§ Task requirements
Skip all pictures. Write out the data below from its first line through the line that contains "Used 2012 BMW X5 xDrive35i image 2".

Captioned web images
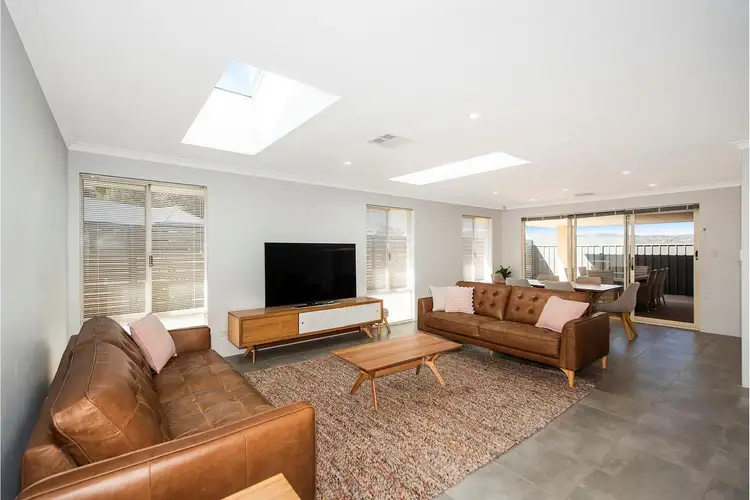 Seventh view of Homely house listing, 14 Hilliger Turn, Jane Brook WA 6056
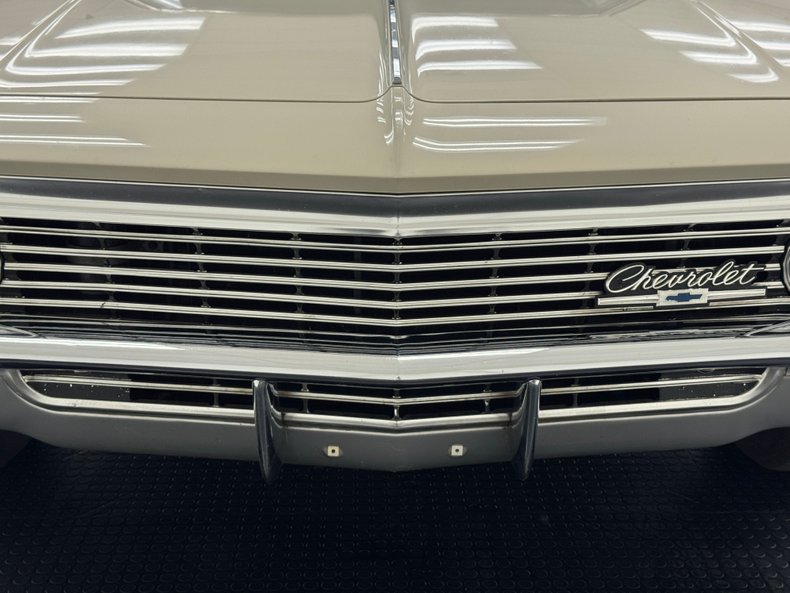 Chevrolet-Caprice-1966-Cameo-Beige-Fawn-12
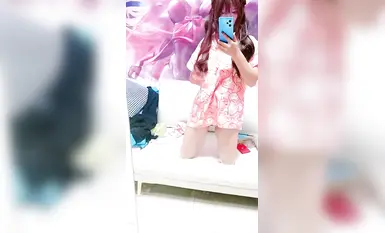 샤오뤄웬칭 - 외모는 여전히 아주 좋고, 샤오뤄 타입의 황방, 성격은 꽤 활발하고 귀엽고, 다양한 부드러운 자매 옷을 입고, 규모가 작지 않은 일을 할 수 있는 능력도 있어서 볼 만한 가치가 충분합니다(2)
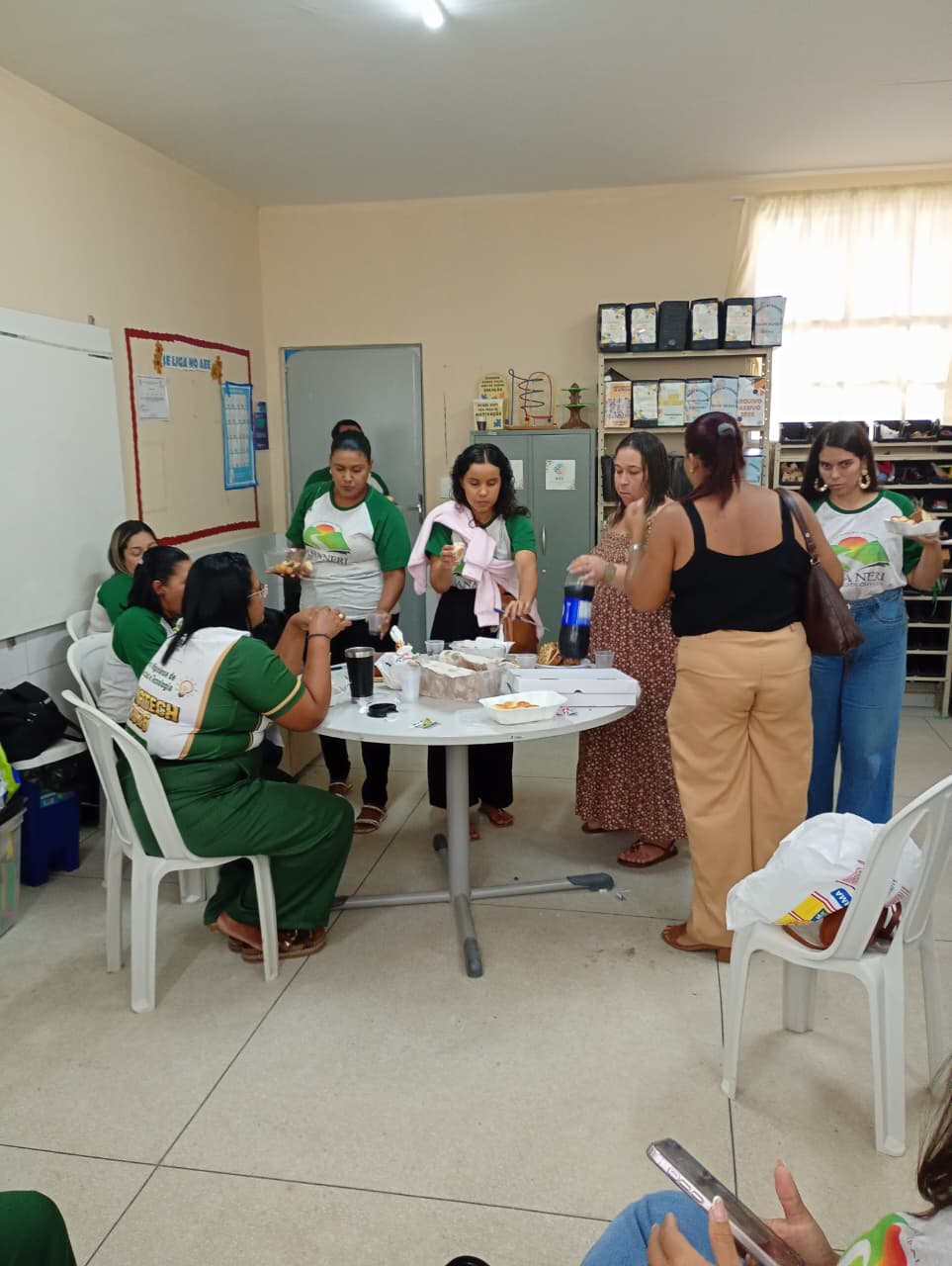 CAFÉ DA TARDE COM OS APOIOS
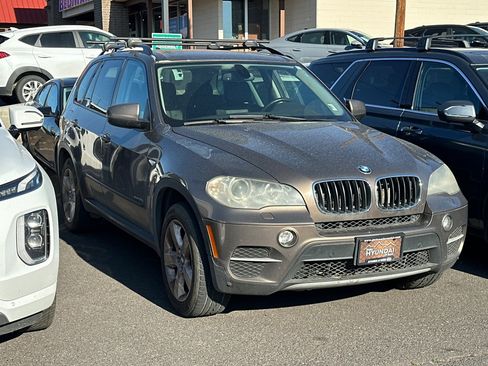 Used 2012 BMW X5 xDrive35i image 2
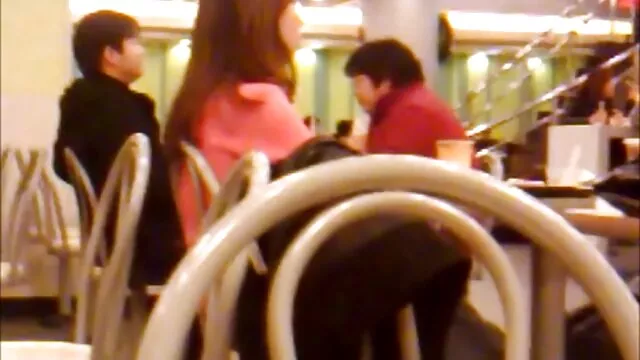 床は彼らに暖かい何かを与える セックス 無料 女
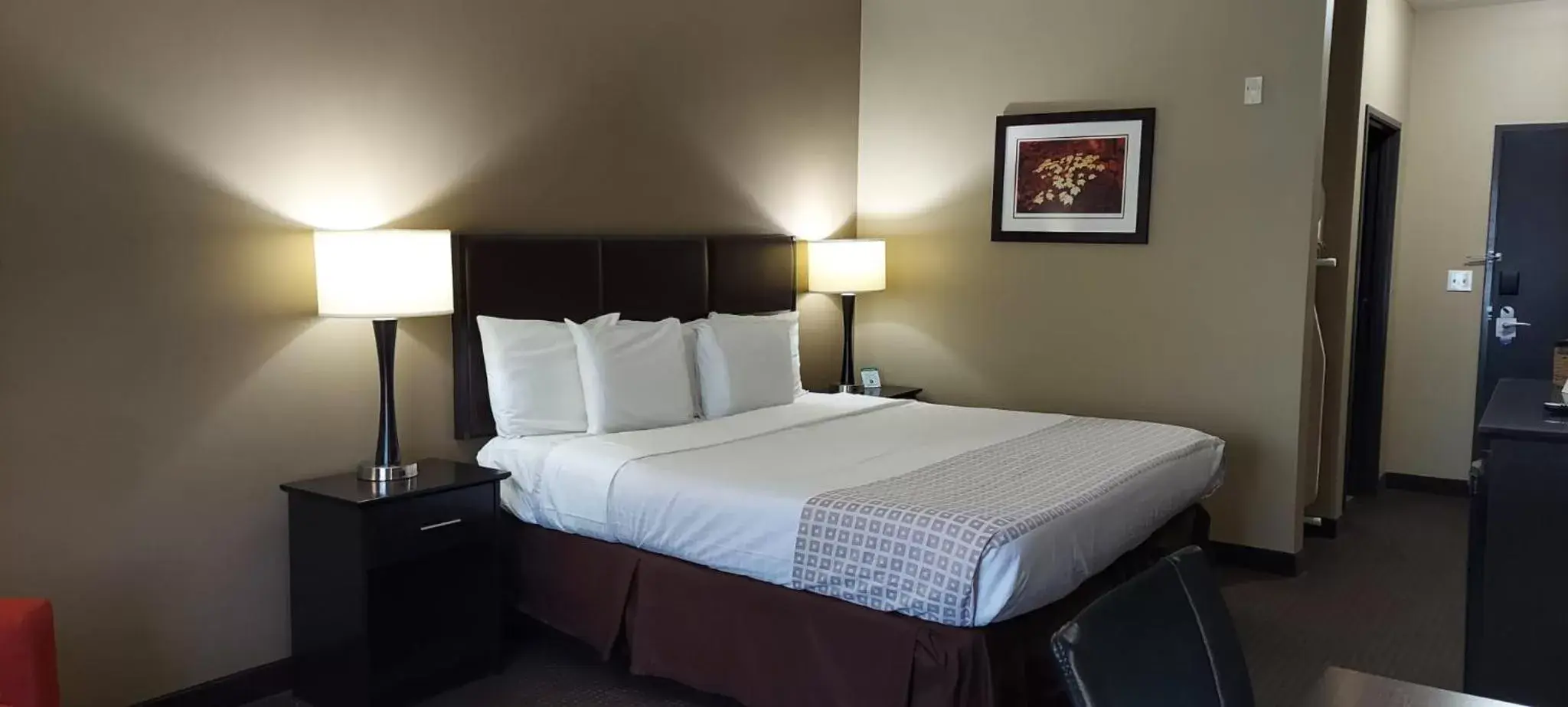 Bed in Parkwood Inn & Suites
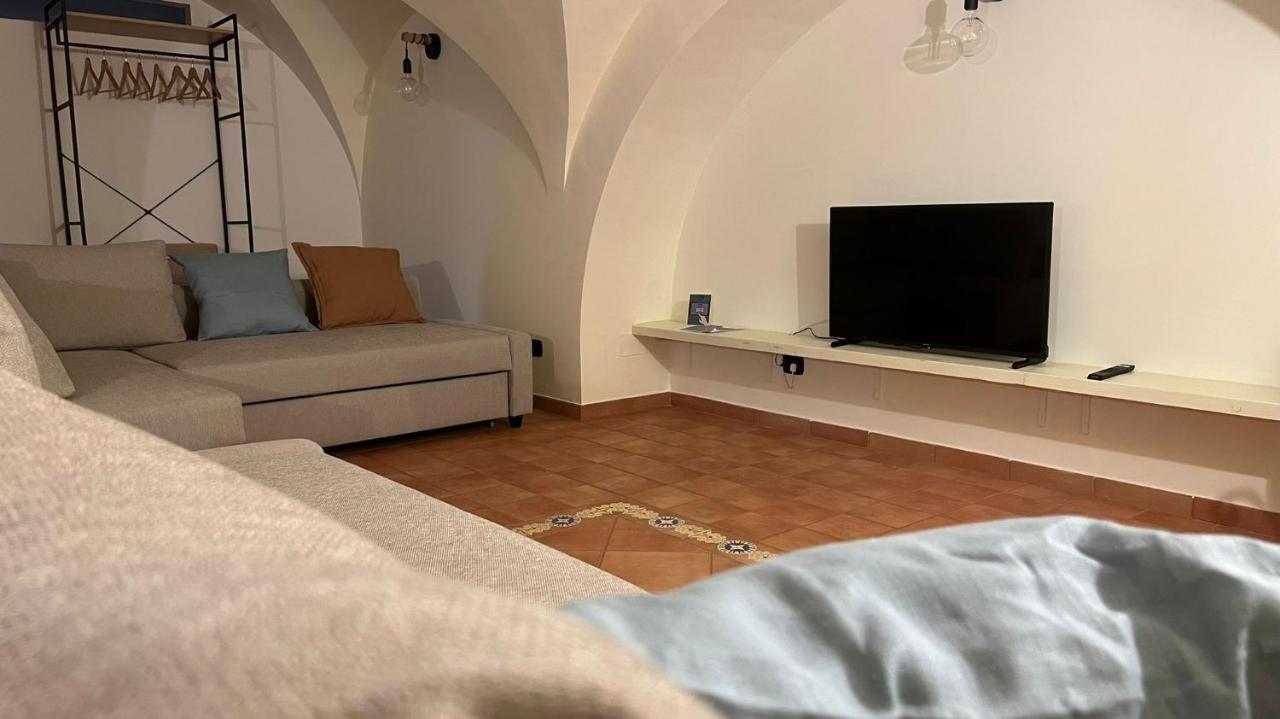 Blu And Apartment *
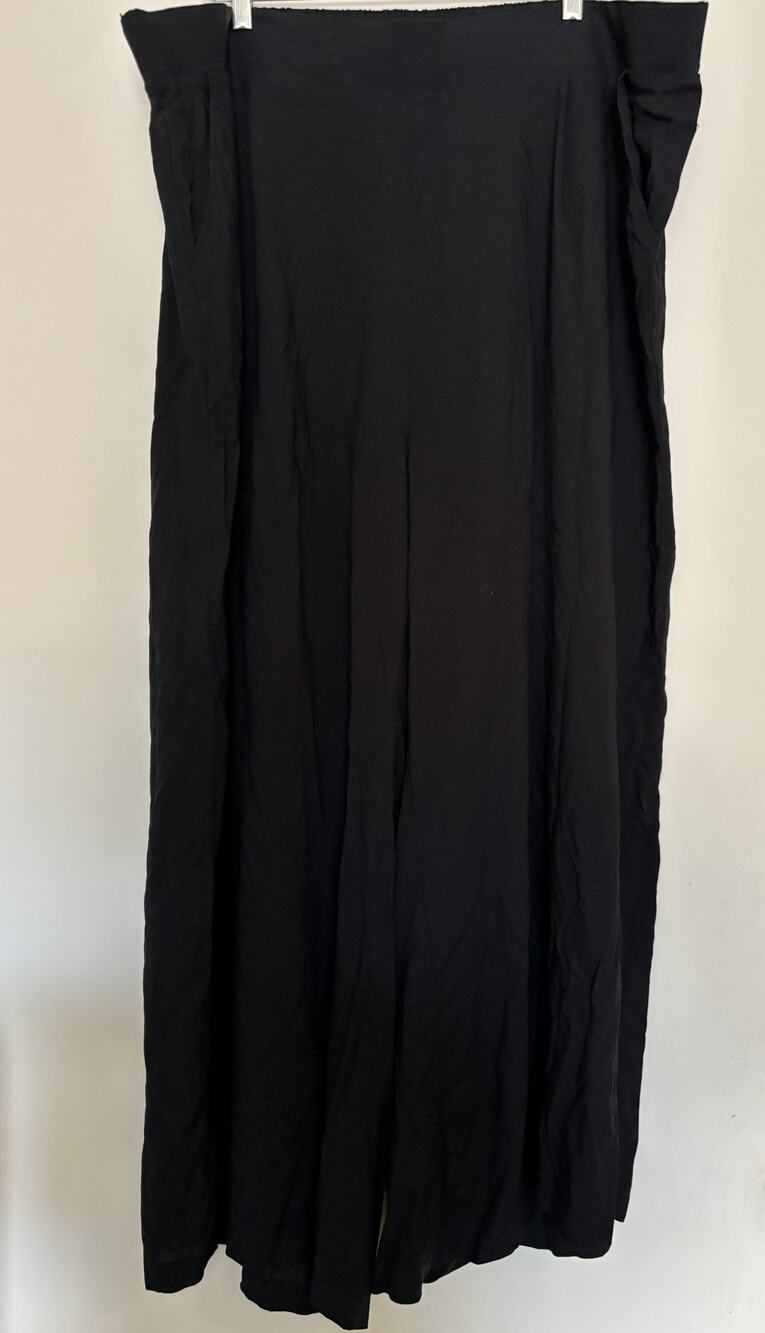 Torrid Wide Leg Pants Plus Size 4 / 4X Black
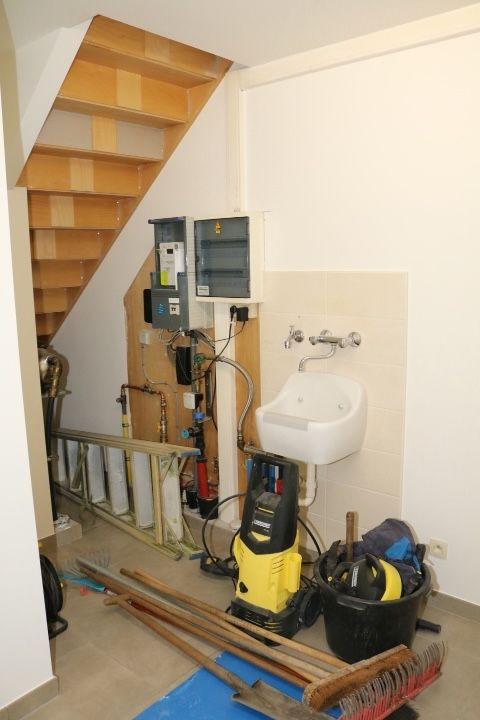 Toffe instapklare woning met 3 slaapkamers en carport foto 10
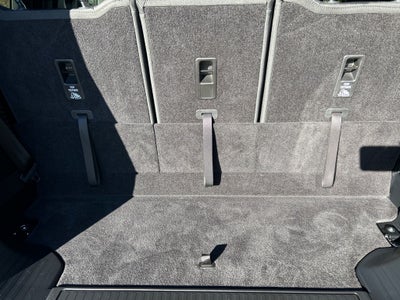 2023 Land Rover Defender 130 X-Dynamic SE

§ Task answer
 Seventh view of Homely house listing, 14 Hilliger Turn, Jane Brook WA 6056
 Chevrolet-Caprice-1966-Cameo-Beige-Fawn-12
 샤오뤄웬칭 - 외모는 여전히 아주 좋고, 샤오뤄 타입의 황방, 성격은 꽤 활발하고 귀엽고, 다양한 부드러운 자매 옷을 입고, 규모가 작지 않은 일을 할 수 있는 능력도 있어서 볼 만한 가치가 충분합니다(2)
 CAFÉ DA TARDE COM OS APOIOS
 Used 2012 BMW X5 xDrive35i image 2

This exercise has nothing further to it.